Postdoc Scholar
University of Waterloo
Email: [firstinitial]654[lastname]@uwaterloo.ca
Postdoc Scholar
University of Waterloo
Email: [firstinitial]654[lastname]@uwaterloo.ca
Photo credit: The Fields Institute, April 2026
I am a junior researcher in mathematics. Below are two ways of describing what I think about; I hope at least one of them speaks to you.
Previously, I have been a postdoc at the University of Waterloo (2024-2026) and the University of Alberta (2021-2024). I obtained my PhD from the University of Illinois at Urbana-Champaign in 2021.
I am interested in algebraic geometry and symplectic geometry inspired by Homological Mirror Symmetry (HMS).
My past research studies HMS for toric varieties under GIT wall-crossings from the perspective of the coherent-constructible correspondence (CCC), window categories, and noncommutative algebra. In short, the HMS/CCC for all birational models of toric varieties over the GKZ fan can be understood uniformly in terms of a combined Lagrangian skeleton and a combined "Cox category". The equivalence between the two is given by an exit (homotopy) path algebra description of the skeleton and its natural monomial labels matching the morphisms of the line bundles in the Cox category forming a full strong exceptional collection.
Building on these, my current research has two guiding aims:
To strengthen the connection between Cox-level HMS/CCC and its underlying noncommutative algebraic geometry concerning exceptional collections, mutations, Calabi-Yau completions, and noncommutative (crepant) resolutions.
To extend this birationally enhanced perspective of toric HMS to a more robust framework connecting the moduli space of Lagrangian skeleta/Weinstein pairs to its mirror birational geometry, applicable to non-toric cases.
Achieving these goals involves using natural symplectic/microlocal constructions to identify meaningful algebraic properties of the coherent derived categories, which is the main challenge in this research philosophy.
In the context of toric GIT wall-crossing, window theory provides an important tool for relating the derived categories of different birational models inside a common derived category of multigraded modules. One of my goals is to develop a more intrinsic version of window theory directly from the A-side. I hope that such an approach could offer new insights into the underlying geometry of mirror symmetry and lead to some desired applications in algebraic geometry.
Some of my perspectives are also strongly influenced by the rich interaction between quiver theory over toric Calabi–Yau threefold singularities and tilting, torus dimers, and tropicalized fibers of mirror Landau–Ginzburg models, as developed in the physics literature in the 2000s. I also hope to generalize the mathematics of this story in several natural directions connected to the above research aims.
I am interested in the algebra and geometry inspired by a categorical form of type IIA/IIB string duality commonly known to mathematicians by the name of Homological Mirror Symmetry (HMS).

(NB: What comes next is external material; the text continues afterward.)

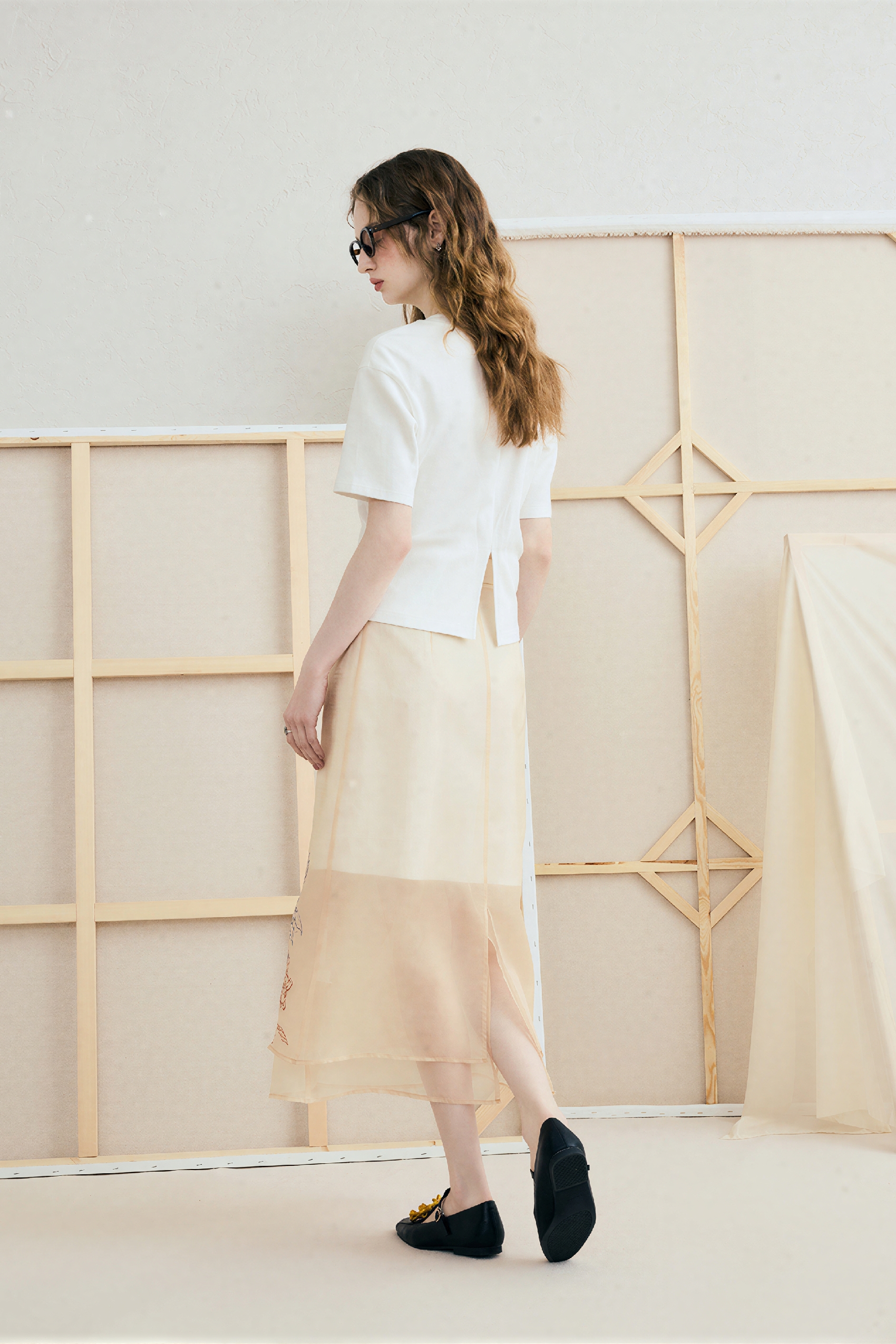 Printed A-Line Midi Tulle Skirt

HMS asserts that for a pair of mirror Calabi–Yau manifolds (X,Y), the category of topological B-branes on X is equivalent to the category of topological A-branes on Y. This correspondence exchanges complex moduli with Kähler moduli, coherent sheaves with Lagrangian cycles, and extension groups with Floer cohomologies, providing a precise categorified form of superstring T-duality in the type II theories. HMS captures how two apparently distinct quantum field theories - the topological A-model and B-model - encode equivalent information about the same underlying superstring background. Morphisms in these categories correspond to open-string states, and the compositions record worldsheet instanton corrections.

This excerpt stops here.